LIGHT OF THE WORLD (1979)

On one of the highest hills of Denver's southwestern outskirts looms a dramatic new church, Light of the World. The parish was created by Archbishop Casey in 1979, when 650 Catholic families lived in the area and twenty more subdivisons were under construction. Francis Syrianey, the founding pastor, first held services in the gym of Colorow Elementary School at 6317 South Estes Street. He rented a house at 6295 South Flower Way as a rectory and used the full basement for parish meetings. All the while, Father Syrianey, a noted liturgist and church scholar, was planning a modern building that would be both functional and inspiring. He put together a design team that included Eugene Walsh, a liturgical consultant, John Buscemi, a liturgical artist, four parishioners, and Karl Berg of Denver's Hoover Berg Desmond architectural firm.

"The new building," Father Syrianey told the Denver Catholic Register of March 5, 1986, "was designed from the inside out. Berg did not put a line on paper until he had sat down together with the staff, the consultants, the building committee and myself to put down in writing who we are, what we are, where we are and what we wanted in a building."

The hilltop site, above the busy retail strip of Bowles Avenue and overlooking proliferating subdivisions, had been acquired by Archbishop Vehr. There, Father Syrianey and his team designed a church of modest materials--brick, drywall, laminated timber, and glass blocks. The ecclesiastical complex embraced the traditional forms of baptistry, cloister, colonnade, Eucharistic chapel, gallery, worship space, and tower.

The tower rising above the baptistry is a geometric design of circles and squares, two conflicting shapes reconciled at the top to symbolize the guiding principle that the church community is a place for reconciling opposites. Progressive Architecture magazine, which made Light of the World its cover story for the February 1986 issue, praised the structure for "clarity, modesty, and the almost spiritual elegance of its organization."

The Colorado chapter of the American Institute of Architects concurred and presented one of its Honor Awards for Design Excellence to Hoover Berg Desmond for this edifice.

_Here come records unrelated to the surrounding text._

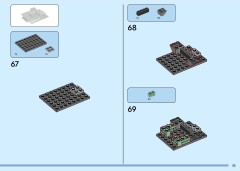 LEGO 31167 instructions page 35 – build guide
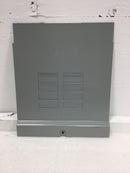 Cutler-Hammer 100 Amp 120/240V Dead Front Only 12 7/8" x 10 7/8"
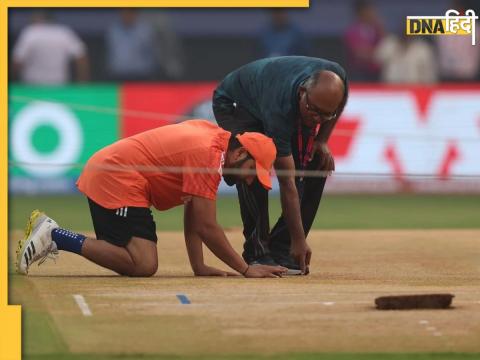 ind vs nz semi final pitch Controversy before match india vs new zealand world cup 2023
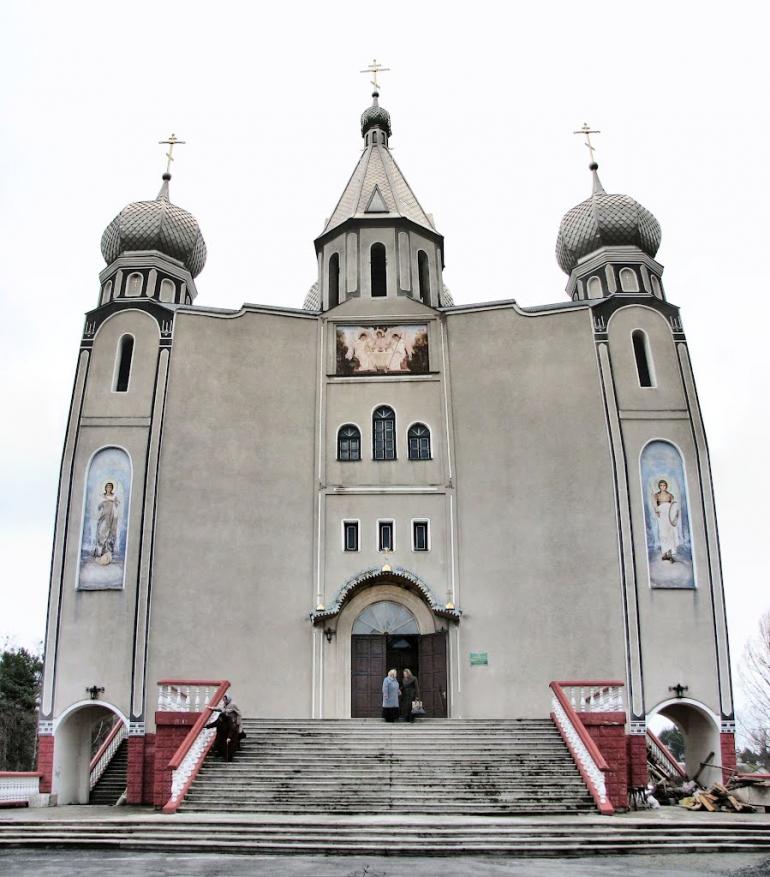 Шепетівка з panoramio.com (ч.2) - Шепетовка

Archbishop Stafford blessed the new church on September 13, 1987, telling a standing-room-only crowd, "You are the light of the world, you dear brothers and sisters, as you sit on this high hill, silhouetted with those magnifcent mountains behind us." Father Syrianey was not there to see this dedication of the church he began, as he had passed away January 1, 1986.

John F. Dold, pastor since 1986, affirmed in 1988 that the fast growing parish of some 1,800 registered families had over sixty active parish and community organizations. Interviewed in The Denver Post of June 27, 1987, Father Dold said, "I have never been in a place where liturgy works so well, because of the simplicity and openness of the place and the openness of the people."

Light of the World with its spectacular tower--a square brick facade meeting a conical blonde brick one with a quarter cone skylight on top--has become a striking landmark of the southwest metro area. This tower catches light by day for the baptistry below and by night is an illuminated symbol of the Light of the World.